#### What is expected:
Repeat the data exactly, leaving out any image.

··· Input data

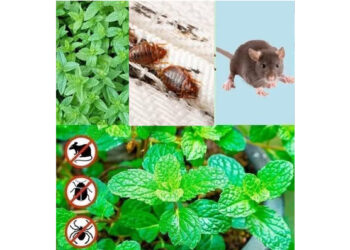 5 Plants that keep spiders, cockroaches, ants, mosquitoes, mice (and more) away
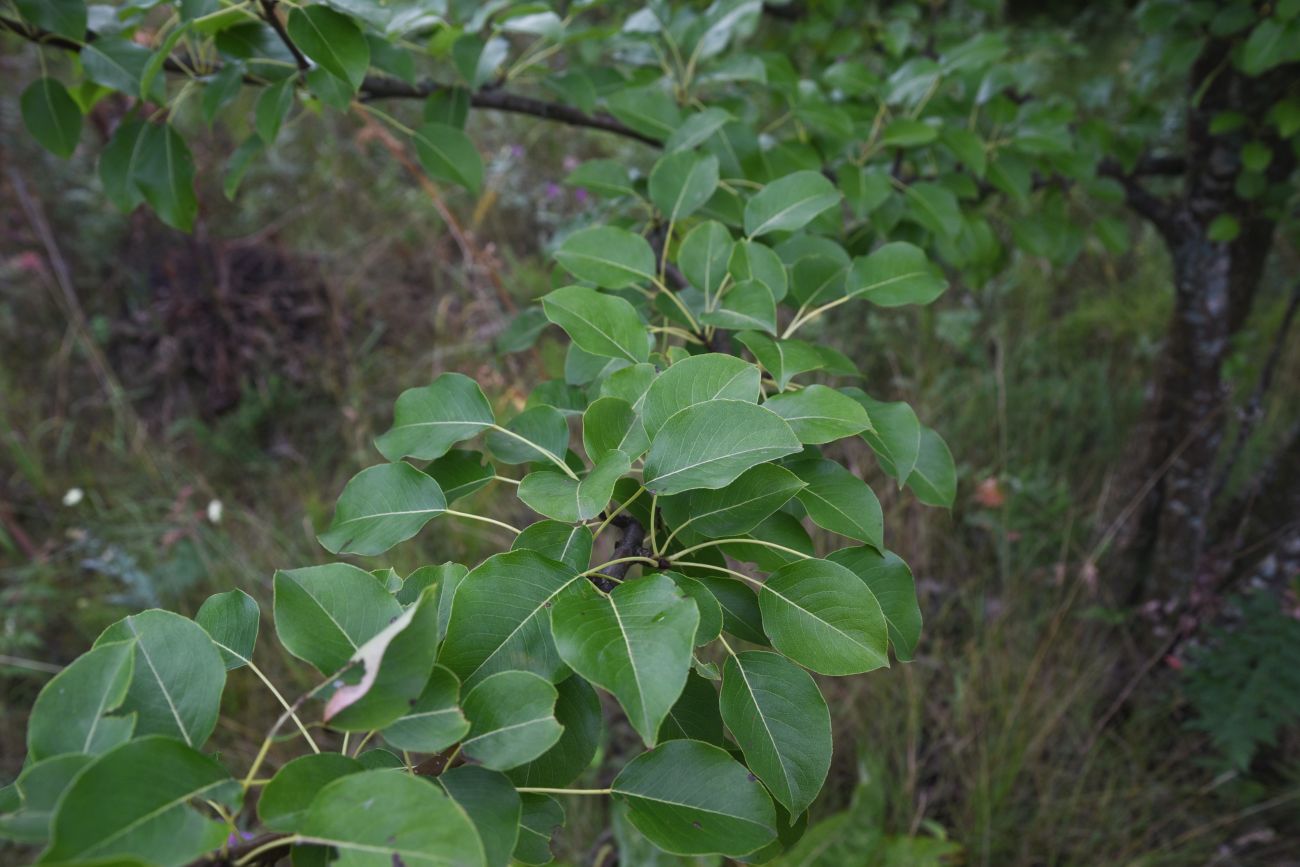 Image of genus Pyrus specimen.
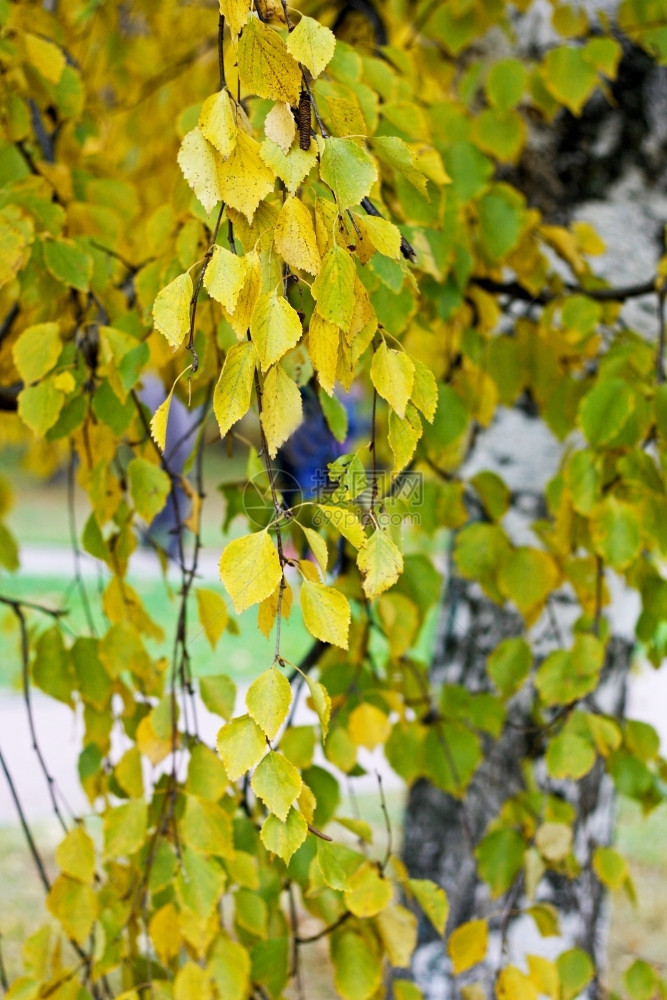 十月美丽的秋景散焦背桶上黄秋叶桦树枝的形象公园图片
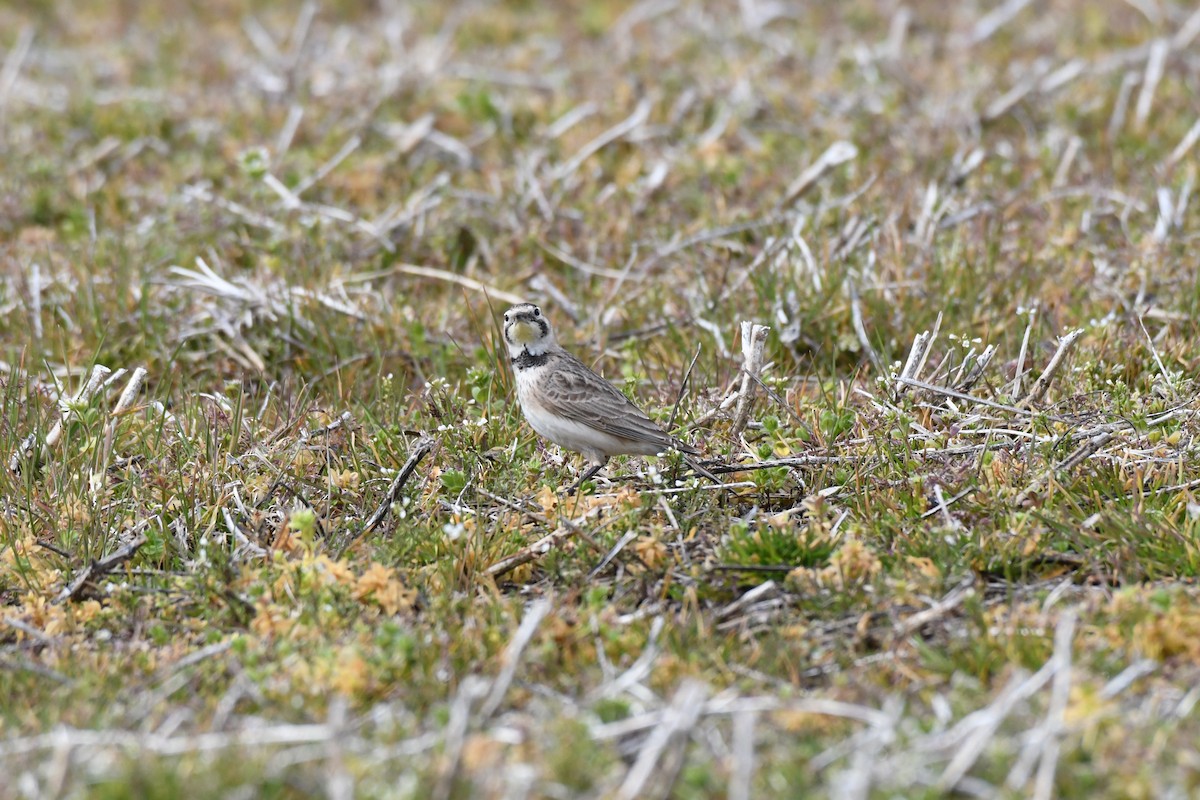 Horned Lark - ML615660286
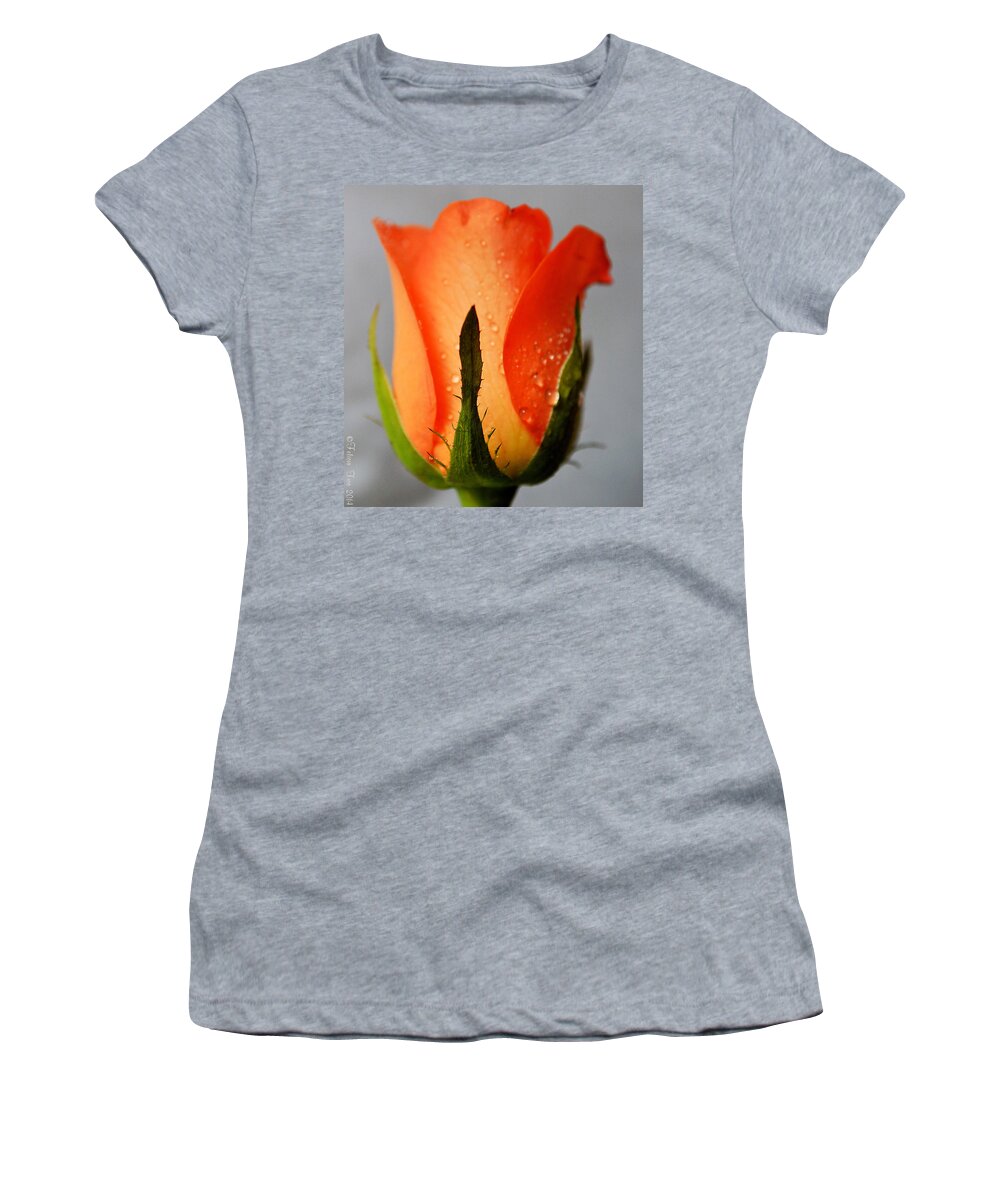 Rose Women's T-Shirt featuring the photograph Allure by Felicia Tica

······

#### Final answer:
 5 Plants that keep spiders, cockroaches, ants, mosquitoes, mice (and more) away
 Image of genus Pyrus specimen.
 十月美丽的秋景散焦背桶上黄秋叶桦树枝的形象公园图片
 Horned Lark - ML615660286
 Rose Women's T-Shirt featuring the photograph Allure by Felicia Tica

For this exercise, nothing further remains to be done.